On comprend qu'il est irréaliste de demander aux politiciens de fermer demain matin tous les puits de pétrole, mais on pourrait au moins commencer à diminuer la production. C'est tout le contraire: l'augmentation des sables bitumineux est estimée à 40 % d'ici 2025. Petit rappel historique: de 1990 à 2015, l'Alberta est responsable de 73 % de la hausse des émissions de GES au Canada.

Que fait Justin Trudeau ? Il conserve les cibles de réduction des gaz à effet de serre du gouvernement Harper. Cibles qu'il avait lui-même critiquées. Le plan est donc de réduire les GES de 30% en deçà du niveau de 2005 d'ici à 2030, plan qu'il ne respectera pas à l'instar de l'Accord de Paris.

Qui dit augmentation de la production des sables bitumineux, dit augmentation des GES. Les mathématiques sont plutôt simples.

Que fait Justin Trudeau ? Il brise sa promesse d'arrêter les subventions aux énergies fossiles et il veut les continuer jusqu'en 2025. En 2015, le Canada a donné en subventions 3,3 milliards de dollars aux énergies fossiles. Comme le Québec paie environ 20 % des impôts canadiens, c'est 660 millions que nous donnons aux entreprises extractives, sans compter les subventions du gouvernement Couillard aux pétrolières telles Suncor qui a reçu 1,7 million de dollars via le programme ÉcoPerformance.

Que fait Justin Trudeau ? Il tient un discours impossible, celui de réduire les GES tout en construisant de nouveaux pipelines « pour rejoindre de nouveaux marchés ». En vérité, c'est l'un ou l'autre. Pas les deux. Les pipelines, que ce soit Trans Mountain dans l'Ouest, Énergie Est dans l'Est ou Keystone XL au Sud, ont pour but d'augmenter la production des sables bitumineux. Qui dit augmentation des sables bitumineux, dit augmentation des GES. Les mathématiques sont plutôt simples.

Que fait Justin Trudeau ? Il approuve un projet titanesque d'exportation de gaz de schiste en Colombie-Britannique. S'il voit le jour, le projet va augmenter les émissions de 8,5 % dans la province et de 1 % au Canada. Suite à l'approbation, des Premières Nations et des groupes en environnement ont intenté des actions en justice contre le gouvernement.

Que fait Justin Trudeau ? Il est en train de mettre en place une taxe sur le carbone. Pour un non-initié, ça peut paraître intéressant. Le hic à nouveau ? C'est que le prix demandé varie entre 10 $ et 30 $ la tonne de carbone. Selon Marwah Rizqy, professeure adjointe en fiscalité à l'Université de Sherbrooke, pour être efficace, le prix devrait être entre 150 $ la tonne et 300 $. Par exemple, à 16 $ la tonne, c'est environ 2 sous le litre d'essence.

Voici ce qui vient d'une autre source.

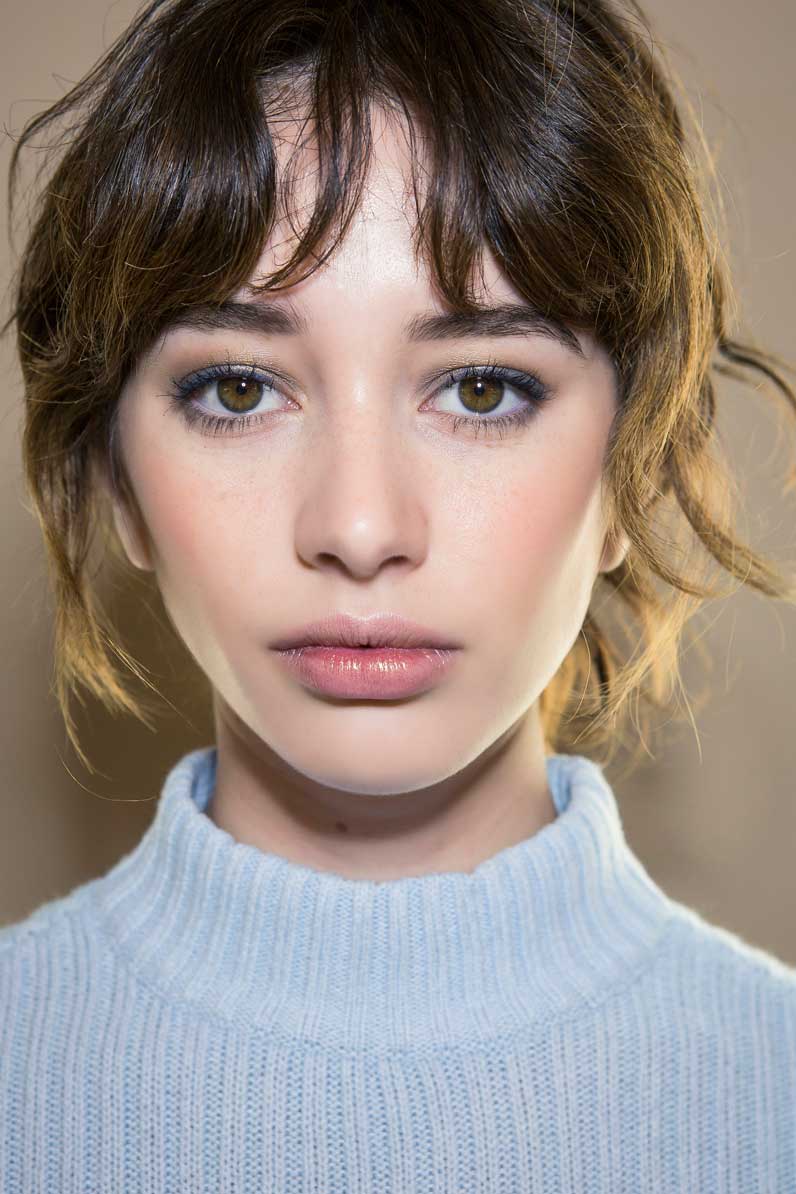 Coiffure mi longue avec mèche automne hiver 2018  Cheveux milongs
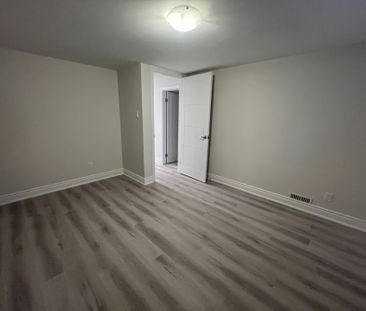 For Lease - 98 Thornton Avenue, Bradford West Gwillimbury, Ontario - Photo 2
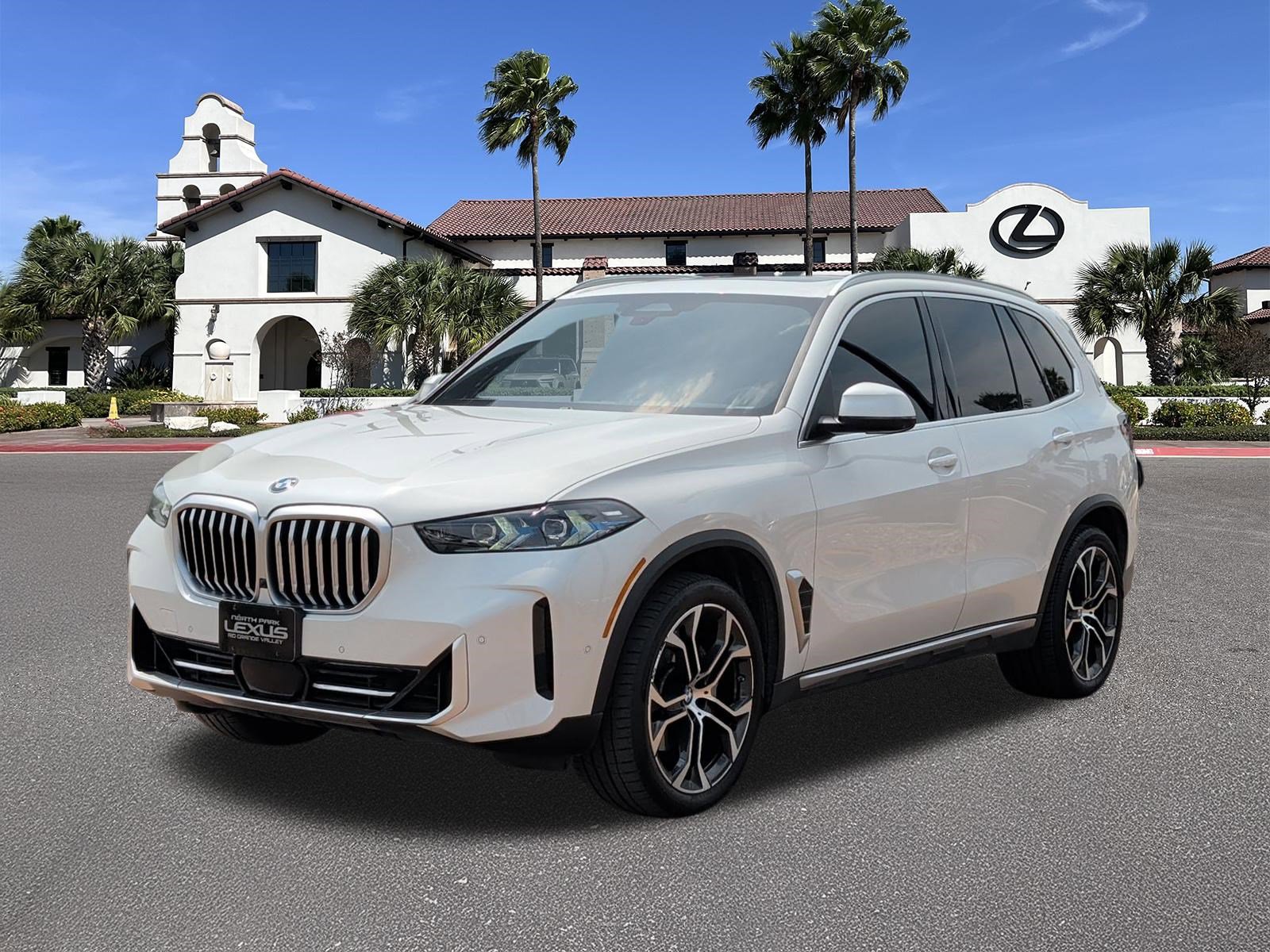 Used 2024 BMW X5 sDrive40i w/ Premium Package RWD image 5
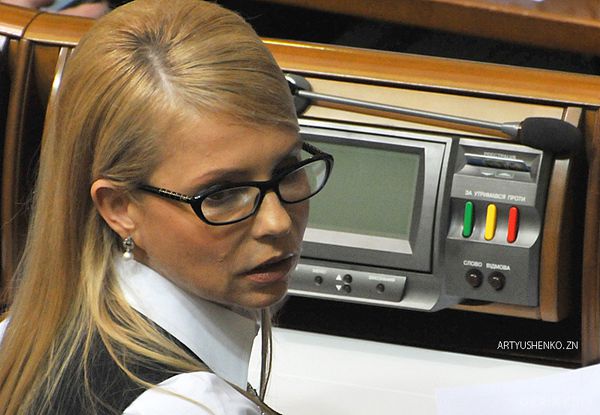 Тимошенко зажадала скликати позачергове засідання Верховної Ради. Лідер "Батьківщини" наполягає на "реальному перезавантаженні" Ради.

C'est impossible de changer le comportement des consommateurs lorsque l'impact à la pompe est si faible. L'experte ajoute qu'il ne faut pas seulement taxer, il faut aussi donner des alternatives aux citoyens pour se déplacer sans auto.

Le Québec dans tout ça?

La réalité, c'est que le Québec est un joyau d'énergie verte encastré dans un Canada pétrolier. Pendant qu'Hydro-Québec tente de vendre notre électricité renouvelable aux États-Unis, des diplomates canadiens, payés également avec nos impôts, font la promotion des pipelines et des sables bitumineux.

Pendant que les fonctionnaires québécois travaillent à mettre en place un marché du carbone, ceux du Canada négocient pour faire entrer en Europe le pétrole albertain, un pétrole qui est émet 50 % plus de GES que le brut léger.

Nous sommes maintenant en novembre 2016, la COP22 se termine au Maroc et le Canada de Trudeau vient à son tour d'être nommé cancre du climat. On souligne le changement positif dans le discours, mais les babines ne suivent pas les bottines.

On nous répète sans cesse que la jeunesse est soucieuse des enjeux environnementaux. Si le Canada continue dans sa voie fossilisée, qu'il ne se surprenne pas si un matin il se réveille avec un Québec indépendant des pétrolières... et du Canada.